• _Required work_:
Up to and including the line containing "Before and after", set down each line of the entries below exactly, starting from the first, and leave out the rest.

┌─ Given entries

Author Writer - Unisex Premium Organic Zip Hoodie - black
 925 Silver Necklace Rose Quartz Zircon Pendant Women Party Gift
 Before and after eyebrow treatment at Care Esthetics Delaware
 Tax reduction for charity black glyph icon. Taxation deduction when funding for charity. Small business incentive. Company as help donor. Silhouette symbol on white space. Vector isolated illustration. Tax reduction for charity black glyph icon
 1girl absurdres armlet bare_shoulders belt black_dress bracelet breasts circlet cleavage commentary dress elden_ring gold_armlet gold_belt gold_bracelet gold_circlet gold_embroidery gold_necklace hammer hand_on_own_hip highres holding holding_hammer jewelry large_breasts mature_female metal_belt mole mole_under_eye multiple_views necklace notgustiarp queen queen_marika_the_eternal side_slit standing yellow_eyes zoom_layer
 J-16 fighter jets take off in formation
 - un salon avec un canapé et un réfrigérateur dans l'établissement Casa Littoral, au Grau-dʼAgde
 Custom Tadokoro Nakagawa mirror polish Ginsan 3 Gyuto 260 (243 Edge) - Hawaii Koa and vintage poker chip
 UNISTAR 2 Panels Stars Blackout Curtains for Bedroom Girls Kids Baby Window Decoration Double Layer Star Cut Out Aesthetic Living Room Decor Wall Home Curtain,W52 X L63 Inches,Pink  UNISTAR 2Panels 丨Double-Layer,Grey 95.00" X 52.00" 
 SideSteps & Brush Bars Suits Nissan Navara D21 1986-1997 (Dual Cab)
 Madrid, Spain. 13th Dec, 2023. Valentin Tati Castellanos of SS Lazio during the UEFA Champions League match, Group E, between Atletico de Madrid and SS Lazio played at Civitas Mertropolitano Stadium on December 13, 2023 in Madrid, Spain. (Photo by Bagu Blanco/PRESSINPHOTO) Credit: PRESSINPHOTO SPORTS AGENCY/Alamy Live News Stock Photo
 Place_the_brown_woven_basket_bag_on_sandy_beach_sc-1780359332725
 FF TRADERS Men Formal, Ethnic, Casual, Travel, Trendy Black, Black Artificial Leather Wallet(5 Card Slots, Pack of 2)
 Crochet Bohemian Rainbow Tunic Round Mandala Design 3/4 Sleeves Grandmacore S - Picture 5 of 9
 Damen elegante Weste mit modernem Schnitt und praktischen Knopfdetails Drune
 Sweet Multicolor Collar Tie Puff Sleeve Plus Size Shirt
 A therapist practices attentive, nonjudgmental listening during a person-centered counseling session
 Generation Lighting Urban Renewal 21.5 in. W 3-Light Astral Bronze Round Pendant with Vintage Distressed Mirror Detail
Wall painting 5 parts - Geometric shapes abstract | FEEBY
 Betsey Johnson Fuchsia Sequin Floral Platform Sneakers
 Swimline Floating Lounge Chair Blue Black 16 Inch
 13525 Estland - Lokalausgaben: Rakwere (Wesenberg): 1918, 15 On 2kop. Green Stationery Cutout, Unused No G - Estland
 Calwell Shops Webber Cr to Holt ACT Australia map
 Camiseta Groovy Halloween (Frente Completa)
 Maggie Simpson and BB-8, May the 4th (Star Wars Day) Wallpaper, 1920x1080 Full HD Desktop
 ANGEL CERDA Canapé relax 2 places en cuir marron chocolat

└─

• _Task output_:
Author Writer - Unisex Premium Organic Zip Hoodie - black
 925 Silver Necklace Rose Quartz Zircon Pendant Women Party Gift
 Before and after eyebrow treatment at Care Esthetics Delaware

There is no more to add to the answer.